Publication: Monitor Volume: 3 Issue: 32

In talks with President Petru Lucinschi and other Moldovan leaders in Chisinau, Russian Defense Council secretary Yuri Baturin held out the prospect of a numerical reduction of the Russian troops in Moldova by next autumn, subject to Moldovan contributions to housing construction in Russia for the relocated servicemen. However, Baturin insisted that the withdrawal of the Operational Group of Russian Forces is to be "synchronized" with the resolution of the Transdniester’s problem — a question, essentially, of defining the region’s status. Baturin declined to name a timetable for any withdrawal. At the same time he did not raise the question of basing rights for the Russian troops in Moldova, and expressed confidence that Moldova will not seek to join NATO. Lucinschi insisted on the implementation of the 1994 bilateral agreement on the troops’ withdrawal, yet to be honored by the Russian side.

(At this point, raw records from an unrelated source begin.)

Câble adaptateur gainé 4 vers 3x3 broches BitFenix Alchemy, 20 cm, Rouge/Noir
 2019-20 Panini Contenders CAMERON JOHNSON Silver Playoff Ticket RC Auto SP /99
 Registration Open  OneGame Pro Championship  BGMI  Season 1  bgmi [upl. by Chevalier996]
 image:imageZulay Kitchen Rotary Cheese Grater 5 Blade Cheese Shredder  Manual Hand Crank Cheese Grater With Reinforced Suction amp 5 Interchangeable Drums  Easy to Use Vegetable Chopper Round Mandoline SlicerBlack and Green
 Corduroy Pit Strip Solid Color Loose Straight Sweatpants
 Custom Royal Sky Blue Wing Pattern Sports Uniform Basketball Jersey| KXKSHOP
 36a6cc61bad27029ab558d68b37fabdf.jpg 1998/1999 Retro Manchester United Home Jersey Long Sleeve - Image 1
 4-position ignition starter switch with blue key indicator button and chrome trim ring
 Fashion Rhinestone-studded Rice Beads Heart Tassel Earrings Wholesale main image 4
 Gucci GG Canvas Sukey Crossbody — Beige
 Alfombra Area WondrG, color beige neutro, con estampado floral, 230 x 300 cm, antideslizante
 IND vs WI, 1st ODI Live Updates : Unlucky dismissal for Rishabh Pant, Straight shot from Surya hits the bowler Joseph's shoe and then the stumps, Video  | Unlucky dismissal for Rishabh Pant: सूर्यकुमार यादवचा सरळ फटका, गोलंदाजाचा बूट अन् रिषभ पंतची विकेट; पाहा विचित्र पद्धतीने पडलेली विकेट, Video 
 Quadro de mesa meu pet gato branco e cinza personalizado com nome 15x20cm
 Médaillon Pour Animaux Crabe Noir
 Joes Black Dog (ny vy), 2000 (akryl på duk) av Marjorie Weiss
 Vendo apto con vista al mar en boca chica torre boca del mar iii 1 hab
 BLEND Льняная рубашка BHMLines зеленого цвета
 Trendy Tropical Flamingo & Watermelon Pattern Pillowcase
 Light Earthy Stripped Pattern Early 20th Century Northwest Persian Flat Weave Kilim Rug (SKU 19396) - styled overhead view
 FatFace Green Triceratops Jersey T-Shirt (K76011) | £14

Baturin’s prescheduled visit bore no relation to NATO secretary general Javier Solana’s February 10-11 visit to Moldova. However, reacting to Lucinschi’s solicitation of NATO security guarantees for neutral countries including Moldova, Baturin stated that Russia must in any case be a co-guarantor. (Basapress, Flux, February 12-13. See Monitor, February 12) One of Moscow’s ways of nullifying the 1994 agreement is to insist on "synchronizing" the withdrawal of the troops with the final political settlement of the Transdniester question, while at the same time encouraging Transdniester to block progress toward a settlement.

Stalement Continues in Tajikistan.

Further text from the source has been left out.